# Happy Birthday Etack!



## maynman1751 (Jun 4, 2014)

Have a great day and may tantalum rain down upon you! 8)


----------



## Lou (Jun 4, 2014)

Yes, Happy Birthday.

The tantalum part sounds painful!


----------



## FrugalRefiner (Jun 4, 2014)

It's a Buckeye party!

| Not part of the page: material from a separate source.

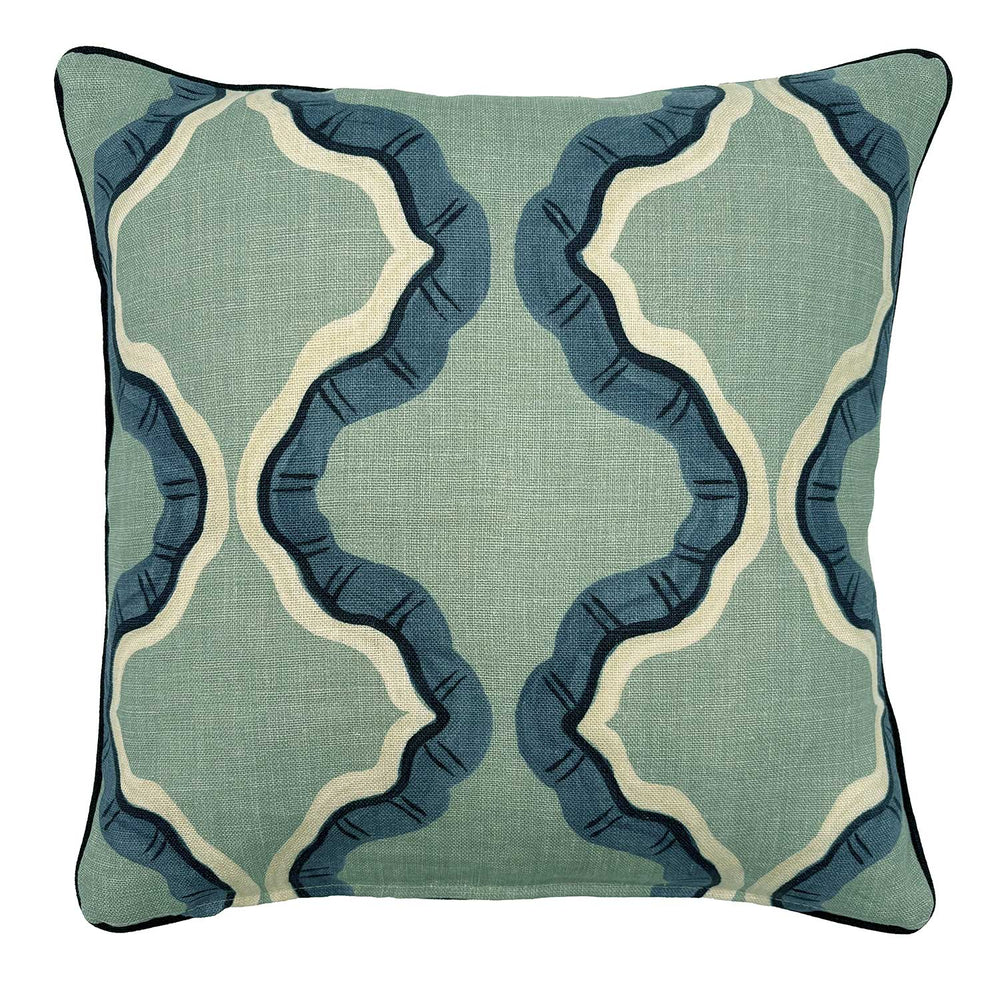 Ruffled Tahiti Linen Cushion | Blue | Linwood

Happy Birthday Eric!

Dave


----------



## jimdoc (Jun 4, 2014)

Happy Birthday!

Jim


----------



## philddreamer (Jun 4, 2014)

Happy Birthday, Eric! 8) 

Phil


----------



## necromancer (Jun 4, 2014)

Happy Birthday Eric !!

one tantalum scull plate to guard against that tantalum rain :shock:


----------



## Irons (Jun 4, 2014)

Happy Birthday. :mrgreen:


----------



## rewalston (Jun 4, 2014)

Happy Birthday


----------



## butcher (Jun 5, 2014)

Happy birthday Eric.


----------



## etack (Jun 5, 2014)

Thanks guys. 

I hope to not need the Ta skull plate. However it would be cool to have one. 

Eric


----------



## patnor1011 (Jun 5, 2014)

Happy Birthday Eric.


----------